In Projections issue 1, George Miller is interviewed, and says —
“I saw Lawrence of Arabia the other day. On tape — God forgive me. There’s a stunt where a steam train rolls onto its side as it comes to a halt across the sand, with the smoke pouring out of the stack filling the screen. Now, if you watch the wide shot, it’s flat desert. There’s no evidence whatsoever of a second camera close to where the train finally comes to rest. I wound back two or three times and I could not see the second camera and I cannot imagine that it was done twice. So how they did it I don’t know, but whoever put that camera in the second spot put it in the perfect place.”
Miller is a great believer in the idea that there’s only ever one perfect spot for the camera. He’s staged several stunts that seem to draw inspiration from David Lean’s locomotive, notable the spectacular car roll in scene one of FURY ROAD.
On to the mystery. I had the advantage of watching not on tape, but Blu-ray, God forgive me. I can only frame-grab from the DVD though.

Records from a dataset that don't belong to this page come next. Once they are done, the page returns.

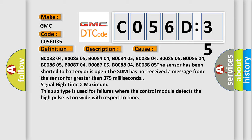The sensor has been shorted to battery or is open. The SDM has not received a message from the sensor for greater than 375 milliseconds signal high time higher than maximum. This subtype is used for failures where the control module detects the high pulse is too wide with respect to time.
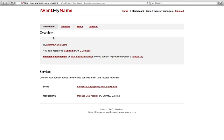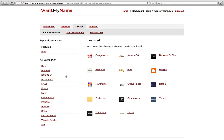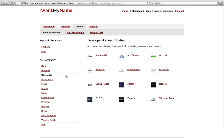Adding app.net to your domain name from the I Want My Name dashboard is really easy. Simply go to the setup tab, choose the developer category, and click on app.net.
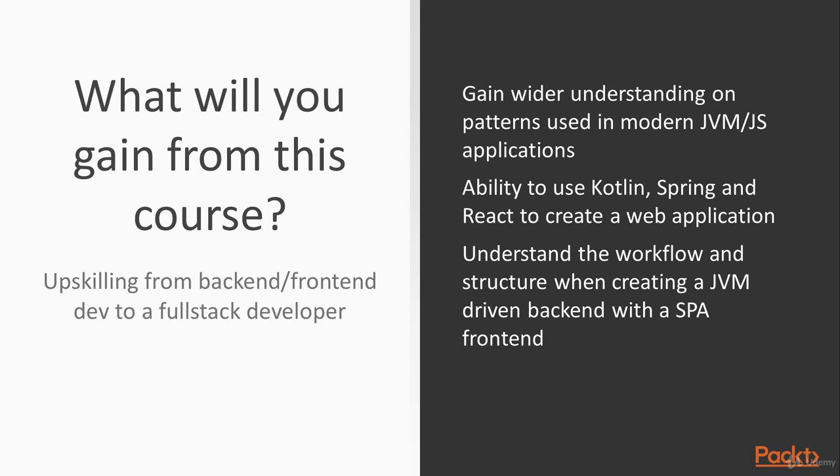So what will you learn from this course then? This is a course to upscale yourself from a standard back-end or a front-end developer to a full stack dev.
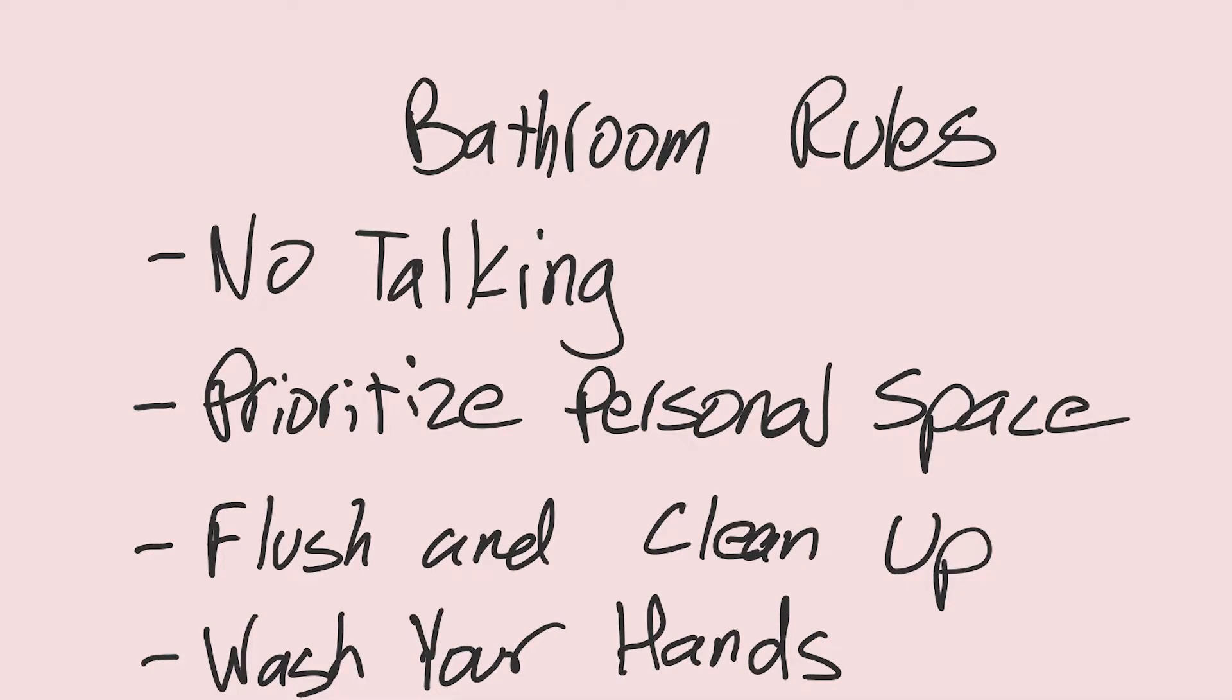Public restrooms are the actual worst. There's too many awkward social rules and too many people who are willing to break them for a conversation to lighten the mood or something. But honestly, they need to stop. It's annoying. It bothers me.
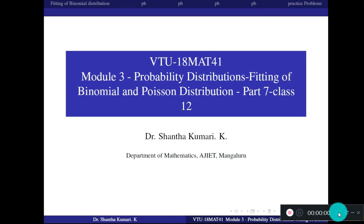Dear students, welcome to part 7 of your module 3 probability distributions chapter. Today we shall study about fitting of binomial and Poisson distribution to a given data.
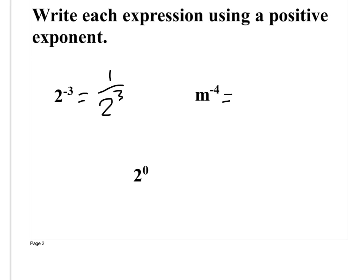m to the negative 4th becomes 1 over m to the 4th. I just got rid of the negative exponent.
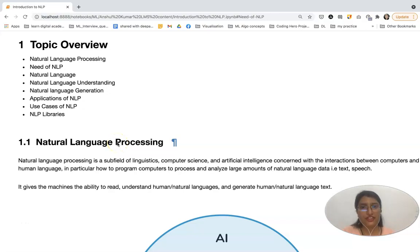Hello everyone, I am Deepalu Chandail and today's tutorial is regarding Introduction to Natural Language Processing.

And there it is: just ahead of the engine, the second camera position, hidden behind a mound of sand. Miller couldn’t see it on VHS because the definition of that format is so poor. And audiences at the cinema don’t register it because it doesn’t look like anything, just a slight variation in the hue of the desert, and by the time the cut reveals we have a second camera there, the steam train is hurtling at us and like those mythic Lumiere patrons we’re a bit startled.
The second camera’s mostly buried, the lens at exact ground level, so John Box or Eddie Fowlie or whoever’s wrangling the sand doesn’t need to build it up very high to conceal the thing. The only crafty thing worth noting is that it looks like they haven’t just built a mound, but a gentle slope, so that there’s very little for the eye to go by.
(On Blu-ray, however, the mound is more noticable.)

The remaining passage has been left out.